++++ PROVIDED MATERIAL ++++

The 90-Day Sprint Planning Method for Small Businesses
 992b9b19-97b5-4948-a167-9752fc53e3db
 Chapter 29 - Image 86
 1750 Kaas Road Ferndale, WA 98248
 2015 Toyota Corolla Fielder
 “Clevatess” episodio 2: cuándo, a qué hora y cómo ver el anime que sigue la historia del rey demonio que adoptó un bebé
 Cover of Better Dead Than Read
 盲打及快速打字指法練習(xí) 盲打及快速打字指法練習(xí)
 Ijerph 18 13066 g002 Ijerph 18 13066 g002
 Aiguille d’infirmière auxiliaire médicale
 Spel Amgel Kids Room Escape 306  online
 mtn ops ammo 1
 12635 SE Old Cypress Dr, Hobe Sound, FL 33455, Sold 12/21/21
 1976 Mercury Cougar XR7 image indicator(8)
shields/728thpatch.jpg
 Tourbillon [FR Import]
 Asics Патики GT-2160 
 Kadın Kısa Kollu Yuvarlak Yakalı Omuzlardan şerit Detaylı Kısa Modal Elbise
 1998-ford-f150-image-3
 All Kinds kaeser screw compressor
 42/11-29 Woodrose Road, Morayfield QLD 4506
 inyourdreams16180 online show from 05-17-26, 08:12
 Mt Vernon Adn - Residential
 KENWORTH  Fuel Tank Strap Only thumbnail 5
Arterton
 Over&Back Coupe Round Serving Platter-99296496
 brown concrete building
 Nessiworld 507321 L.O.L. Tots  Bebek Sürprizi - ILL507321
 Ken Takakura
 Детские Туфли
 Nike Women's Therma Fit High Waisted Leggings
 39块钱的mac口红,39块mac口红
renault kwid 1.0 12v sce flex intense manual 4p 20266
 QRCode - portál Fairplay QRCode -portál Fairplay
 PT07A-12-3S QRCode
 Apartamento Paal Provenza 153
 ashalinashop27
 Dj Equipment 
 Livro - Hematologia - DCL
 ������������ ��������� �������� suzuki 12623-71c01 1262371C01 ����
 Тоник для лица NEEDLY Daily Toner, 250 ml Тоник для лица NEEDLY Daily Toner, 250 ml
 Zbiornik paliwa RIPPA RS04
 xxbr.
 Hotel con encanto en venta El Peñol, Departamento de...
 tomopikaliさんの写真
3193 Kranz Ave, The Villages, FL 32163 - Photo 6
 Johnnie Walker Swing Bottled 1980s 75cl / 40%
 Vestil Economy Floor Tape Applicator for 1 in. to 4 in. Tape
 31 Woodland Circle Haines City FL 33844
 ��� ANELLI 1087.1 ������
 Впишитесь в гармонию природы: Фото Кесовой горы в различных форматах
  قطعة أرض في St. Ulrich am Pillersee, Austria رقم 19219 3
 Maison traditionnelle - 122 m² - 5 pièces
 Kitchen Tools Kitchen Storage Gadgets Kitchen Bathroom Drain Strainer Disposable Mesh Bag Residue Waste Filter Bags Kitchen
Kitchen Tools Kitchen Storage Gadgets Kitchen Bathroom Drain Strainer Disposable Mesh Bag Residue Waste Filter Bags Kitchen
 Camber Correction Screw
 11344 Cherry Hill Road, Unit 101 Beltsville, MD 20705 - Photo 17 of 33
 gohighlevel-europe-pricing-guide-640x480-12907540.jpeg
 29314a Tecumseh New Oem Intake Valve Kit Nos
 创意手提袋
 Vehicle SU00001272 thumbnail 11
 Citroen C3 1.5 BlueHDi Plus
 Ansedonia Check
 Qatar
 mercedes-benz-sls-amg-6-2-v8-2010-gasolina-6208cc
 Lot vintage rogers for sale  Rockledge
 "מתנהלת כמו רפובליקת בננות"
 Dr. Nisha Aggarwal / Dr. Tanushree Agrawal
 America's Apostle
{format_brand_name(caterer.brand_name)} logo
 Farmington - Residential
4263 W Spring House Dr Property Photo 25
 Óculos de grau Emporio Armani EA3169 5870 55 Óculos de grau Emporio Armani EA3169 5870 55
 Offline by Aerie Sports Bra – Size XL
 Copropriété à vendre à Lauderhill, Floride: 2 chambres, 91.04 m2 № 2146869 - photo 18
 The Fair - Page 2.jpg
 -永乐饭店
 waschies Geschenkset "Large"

++++

YOUR ASSIGNMENT » Only one thing is wanted in reply: the number of lines in the entries that hold the string "online".

YOUR SOLUTION » 2